В начале октября 1941 года немецкие войска пересекли западную границу Ростовской области и 21 ноября ворвались в Ростов. Правда, через неделю наши войска вытеснили их оттуда, и фронтовая линия в этом месте оставалась без перемен до лета 1942 года. А первые бомбы упали на станицу в конце лета 41-го. Немцы сбросили их с большой высоты, и они долго падали с душераздирающим воем, затем тяжко ухнули вдали от станичного центра. Едва стих гул отбомбившихся самолётов, наша неразлучная троица – Шурик Акулиничев, Мишка Ключников и я, побежали туда, где упали бомбы. Там мы увидели две большие конусообразные ямы (воронки), вокруг которых были повалены деревья, заборы и убитую корову. Она лежала в луже крови, натянув верёвку, которой была привязана за пенёк. Домой вернулись с массой страшных впечатлений и с рваными кусками металла – осколками немецких бомб. Какое-то время ребята коллекционировали разнообразные по форме и размерам осколки, но вскоре их стало так много, что интерес к ним пропал.
В конце мая 1942 года я окончил второй класс. Начались каникулы, ничего хорошего, впрочем, не предвещавшие.

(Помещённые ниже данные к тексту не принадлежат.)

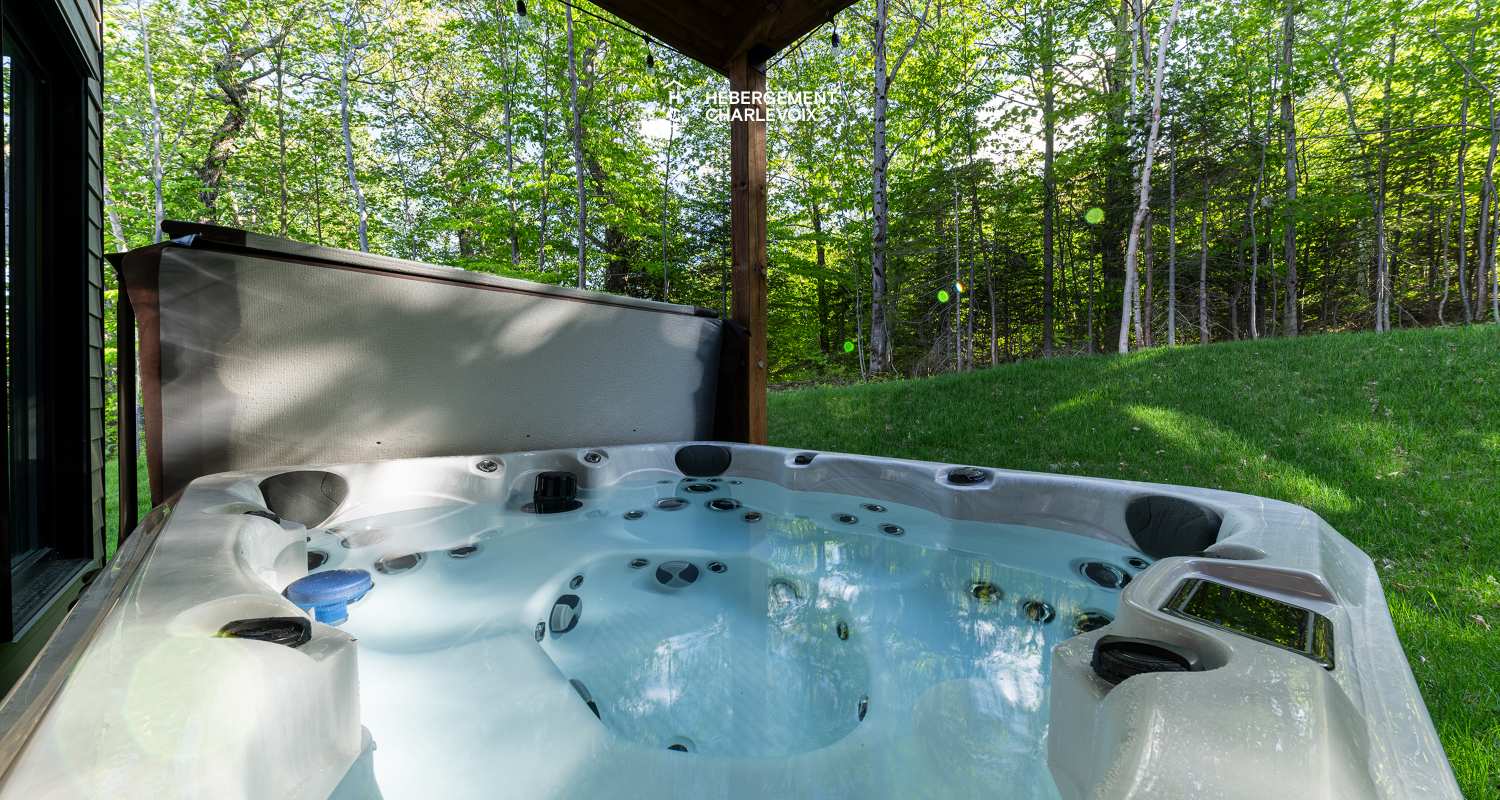 Chalet Grande-Pointe 32 - Is located at less than 200 meters from the chairlift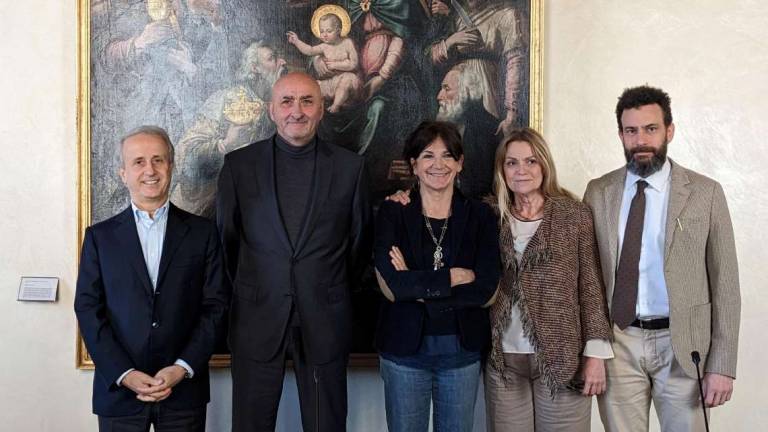 Cesena, Fondazione Crc: ultimo bilancio del presidente Graziani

После неудавшегося прорыва на Москву, немцы летом 1942 года начали наступление на юге. 22 июля они повторно заняли Ростов-на-Дону и двинулись на северо-восток, с общим направлением на Сталинград.

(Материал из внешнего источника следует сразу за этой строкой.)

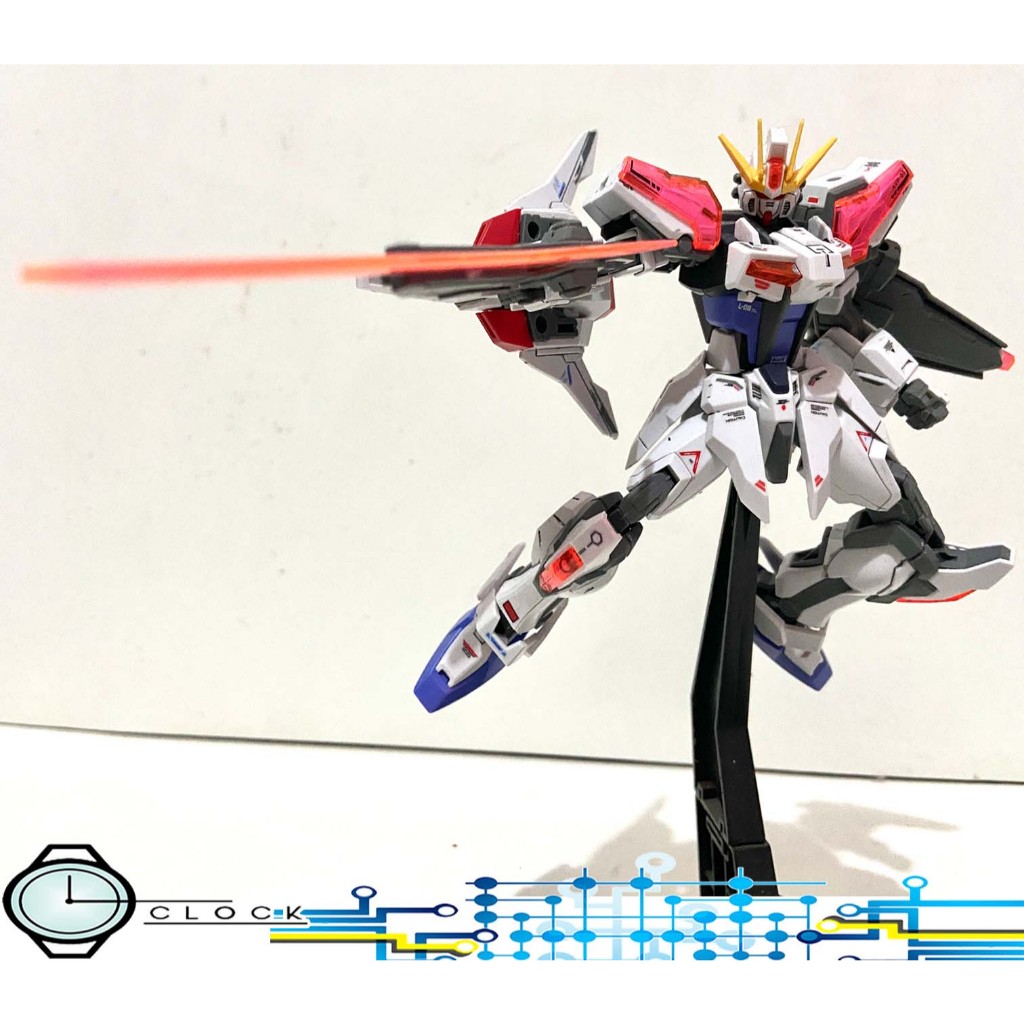 Build Strike Exceed Galaxy Gundam Model Kit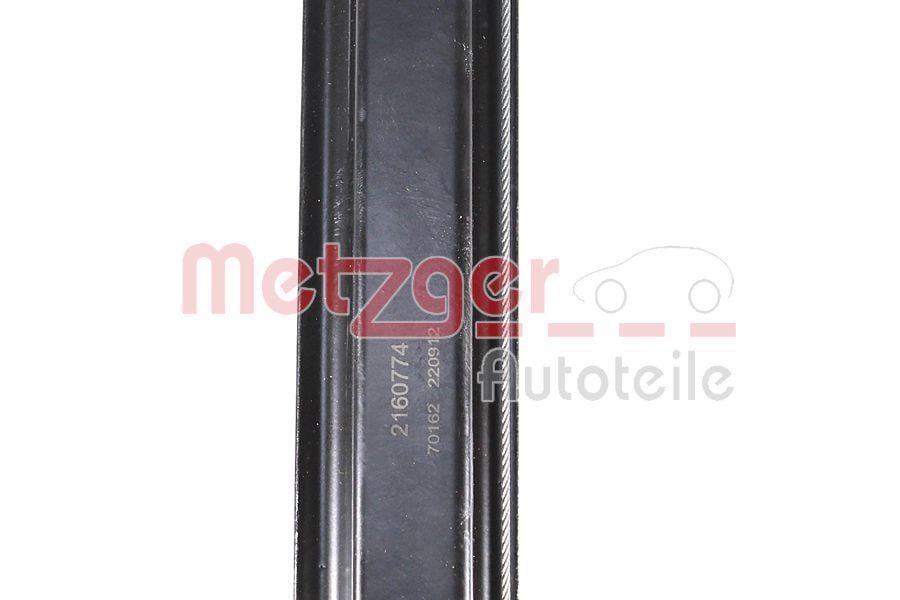 Mécanisme de lève-vitre (Mécanisme de lève-vitre) METZGER ref. 2160774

К тому времени в Багаевской остались, в основном, женщины, старики и дети. Редко можно было встретить молодого или средних лет здорового мужчину. О таких говорили, одни с завистью, другие с ненавистью: «бронированные». Мне представлялось, что у них под одеждой что-то вроде стальных листов. И было странно, что ходили они, как обычные люди.

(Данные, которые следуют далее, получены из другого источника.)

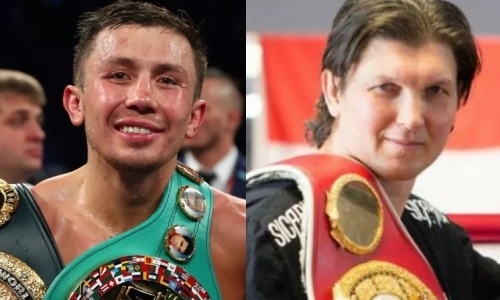 Головкин и Жиров без проблем вышли в четвертьфинал фэнтези-турнира и получили в соперники известных россиян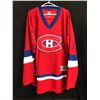 Image 1 : MONTREAL CANADIENS HOCKEY JERSEY (LARGE)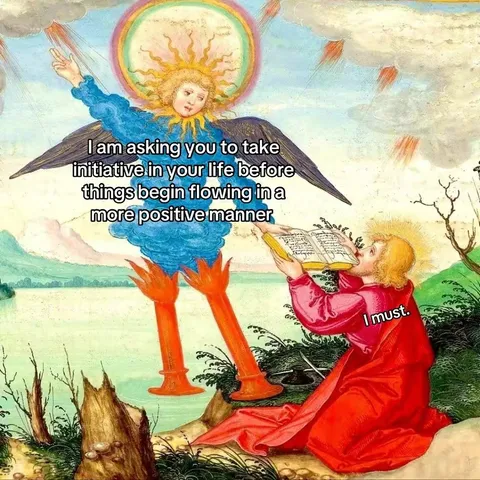 TikTok slideshow cover: Taking Initiative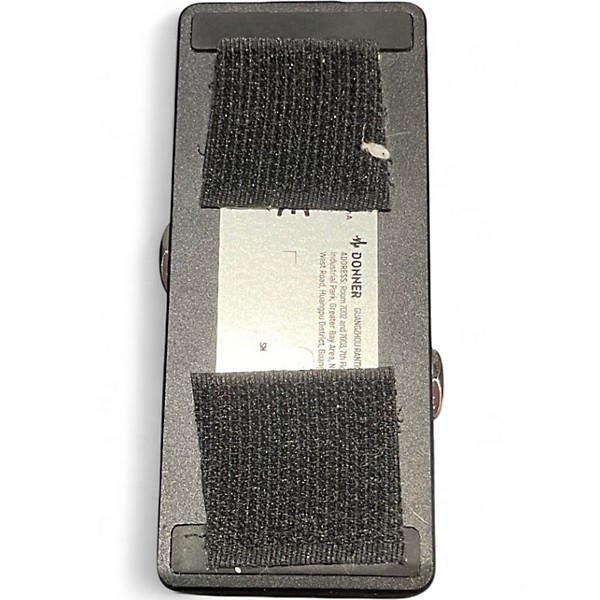 Used Donner DT-1 Tuner Pedal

После эвакуации отца с его предприятием (позже его всё-таки мобилизовали и он оказался в Грузии – охранял какой-то военный объект) мама пошла зарабатывать трудодни и на этом, можно сказать, кончилось моё беспечное детство.
Утренний свет едва начинает просачиваться в окна, а мама уже тормошит меня:
— Володя, сыночек, вставай. Я уже Зорьку подоила, в стадо пора её гнать.
Я сопротивляюсь, не хочу просыпаться, но делать нечего – надо вставать. Когда наша Зорька с телёнком вливаются в стадо, я возвращаюсь домой и навожу порядок в базу. Мама в это время управилась с молоком (вскипятила и поставила «на каймак» или разлила по кувшинчикам и заквасила, а бывало ещё тёплое – продала), приготовила еду на день и побежала на работу. Теперь моя главная забота – братишка. Я и нянечка, и воспитатель. И пообщаться с друзьями хочется. Если они долго не приходили ко мне, я сдавал братца соседке и убегал к ним на часок-другой. Долго не разгуляешься… К приходу мамы надо было принести из Дона воды (тогда её пили без всякой очистки), а вечером забрать из стада скотину.
Тем временем фронт приблизился к станице вплотную. Участились бомбёжки переправы через Дон. С каждым днём нарастал поток отступающих частей Красной армии и беженцев. В лесу на правом берегу Дона, образовалось скопище людей, телег, автомашин и разнообразной военной техники. Мост не справлялся с таким потоком людей и техники, а танки, вообще не могли по нему переправиться, т.к. его грузоподъёмность была всего шесть тонн. Немецкие бомбовозы сбрасывали большую часть своего смертоносного груза (началось это 19 июля) на правый берег и переправу. Вскоре была повреждена разводная часть моста. Чтобы не задерживать переправу людей и техники, параллельно с ремонтом моста сапёры пустили паром, который переправляющиеся таскали вручную по тросу, протянутому через реку. При сильном ветре паром иногда срывало с троса. Однажды он, загруженный машинами с продовольствием, опрокинулся на середине реки, и всё это добро пошло на дно.
Конечно, доставалось и левому берегу, и всей станице, особенно, её центру. В первую очередь разрушению подвергались мало-мальски заметные здания общественного назначения. В их числе оказалась и наша школа. Настоящей трагедией обернулось разрушение станичного универмага. Его подвал использовался в качестве бомбоубежища для беженцев. В результате прямого попадания бомбы, здание обрушилось и возник сильный пожар. Находившиеся в подвале люди погибли. Родственники погибших потом, как призраки, бродили по ещё тлевшему пепелищу в поисках останков тех, с кем по той или иной причине они расстались накануне бомбёжки.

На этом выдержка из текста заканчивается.